▸ The task:
Repeat every line of the data exactly, but not the pictures.

▸ The data:
::::::
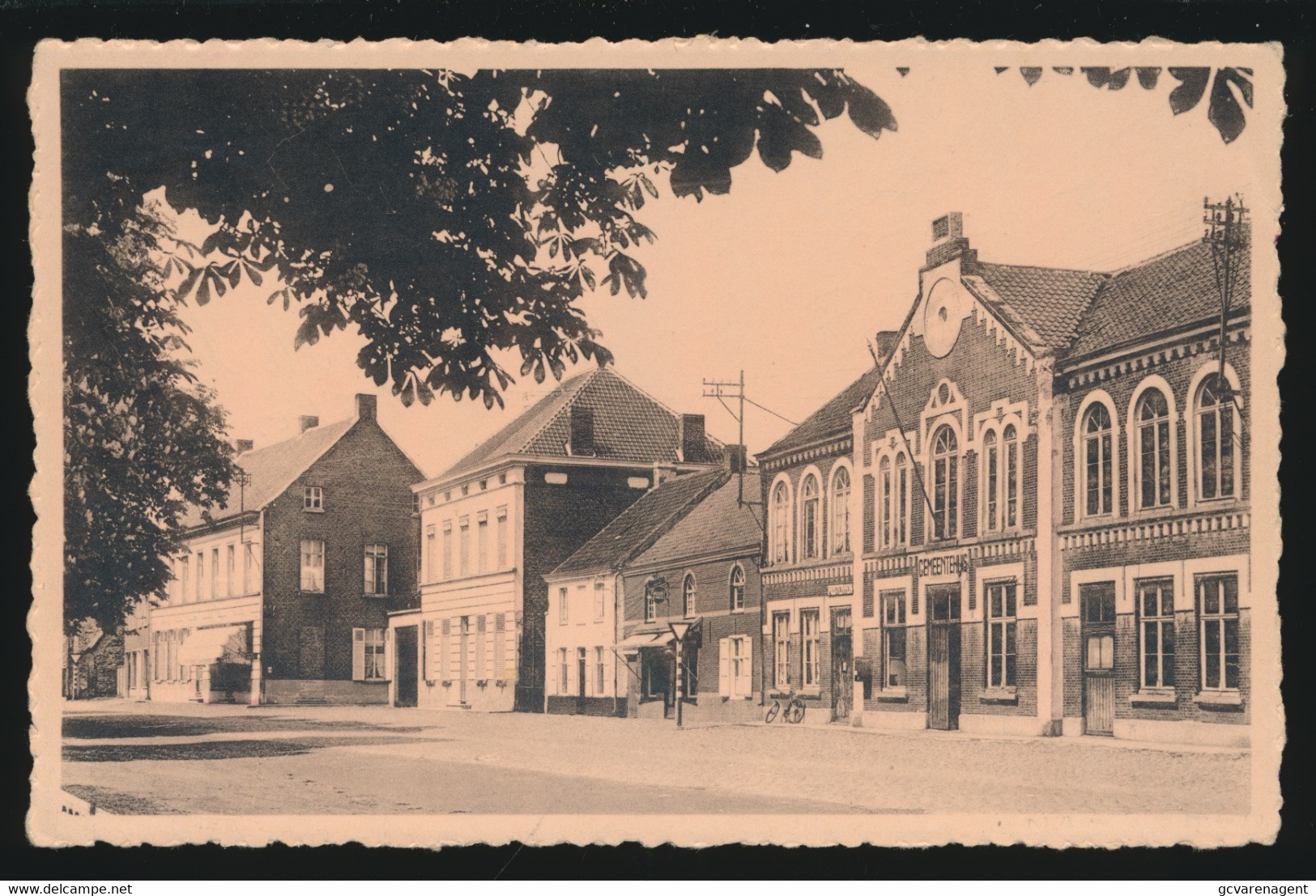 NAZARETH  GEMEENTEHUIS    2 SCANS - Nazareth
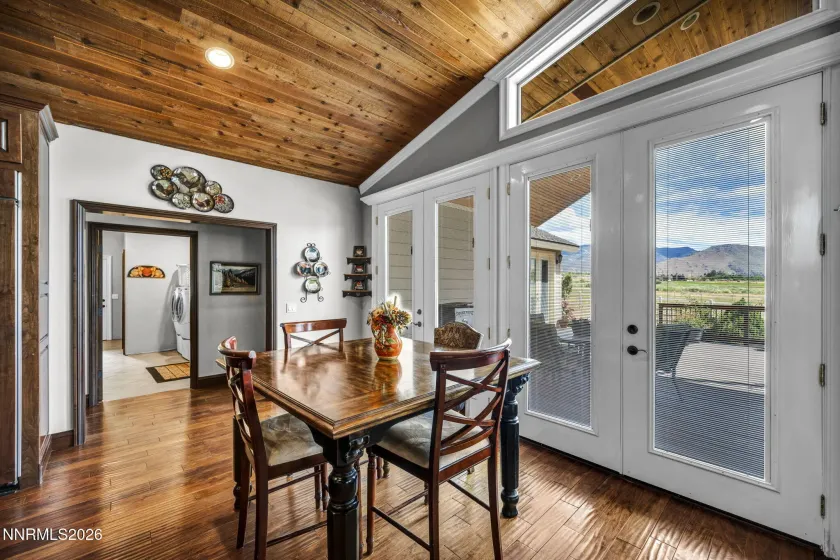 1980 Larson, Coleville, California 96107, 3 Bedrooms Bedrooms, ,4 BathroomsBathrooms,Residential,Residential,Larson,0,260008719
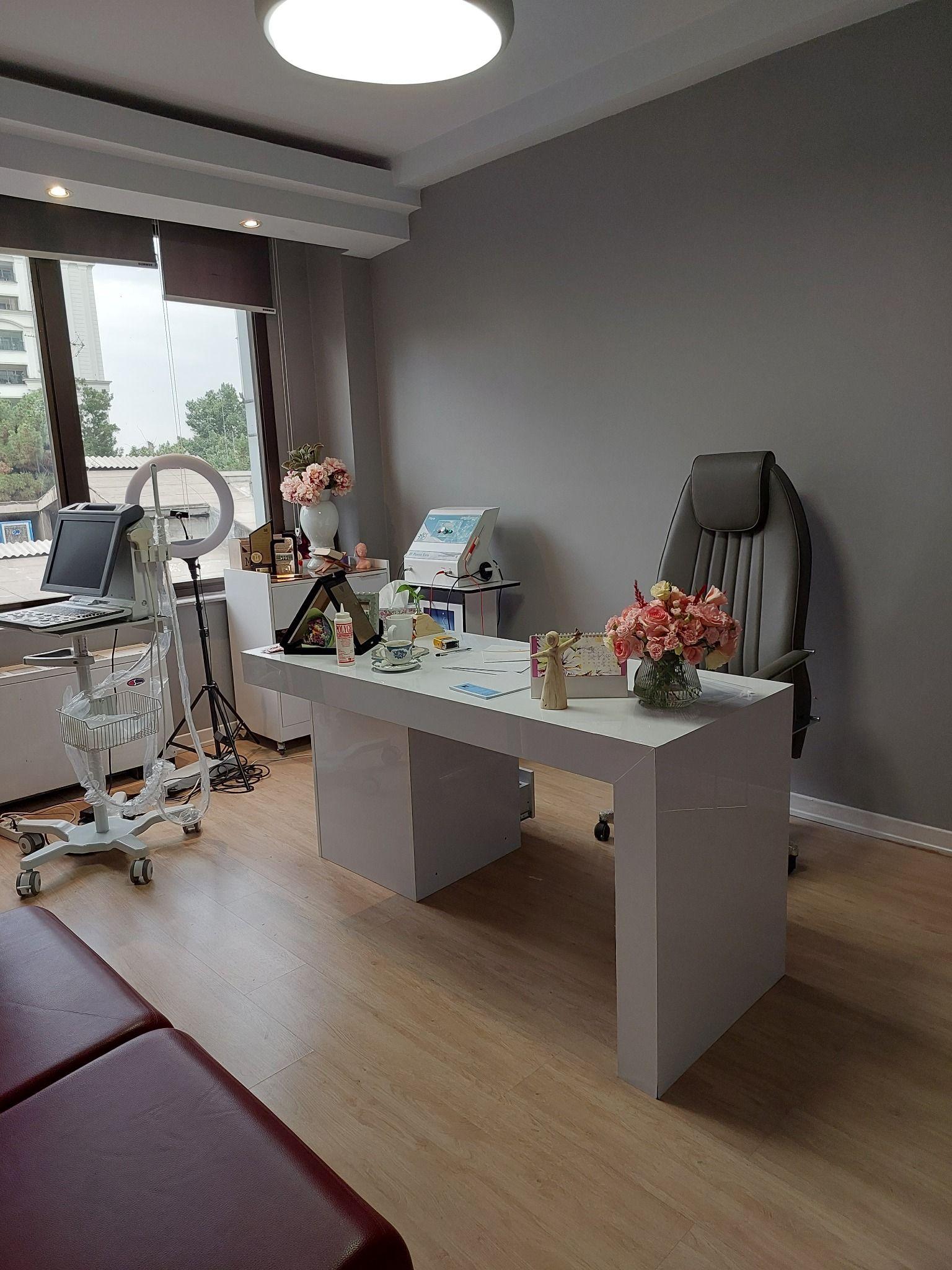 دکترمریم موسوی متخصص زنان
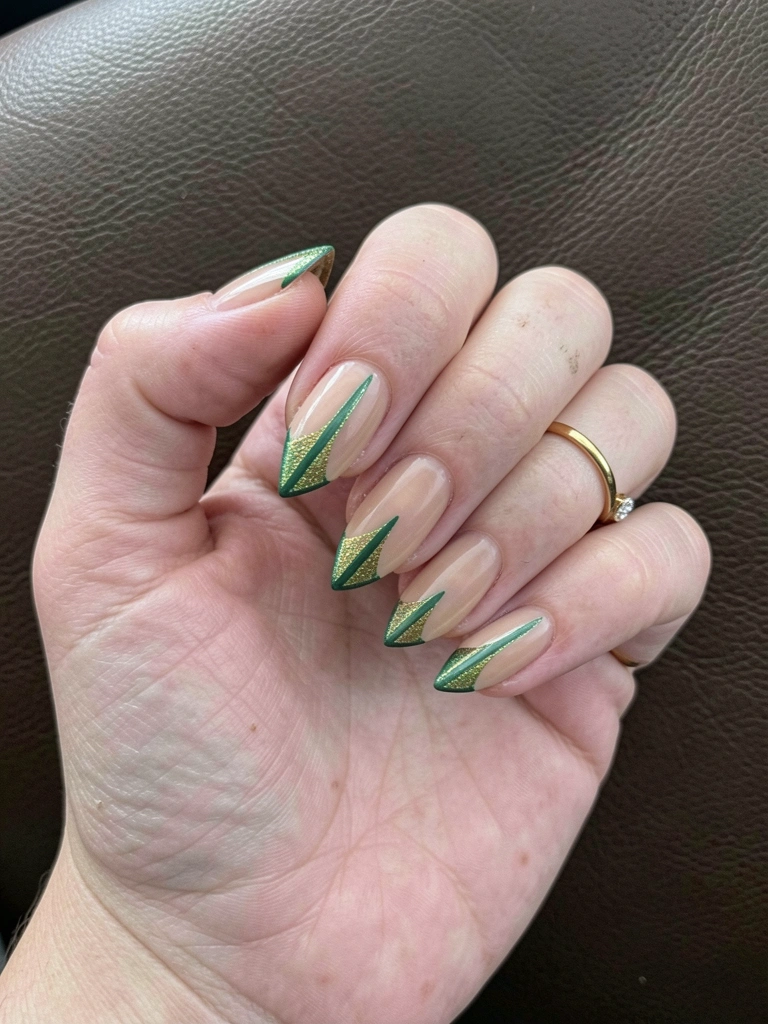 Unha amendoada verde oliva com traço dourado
::::::
▸ Answer for this exercise:
 NAZARETH  GEMEENTEHUIS    2 SCANS - Nazareth
 1980 Larson, Coleville, California 96107, 3 Bedrooms Bedrooms, ,4 BathroomsBathrooms,Residential,Residential,Larson,0,260008719
 دکترمریم موسوی متخصص زنان
 Unha amendoada verde oliva com traço dourado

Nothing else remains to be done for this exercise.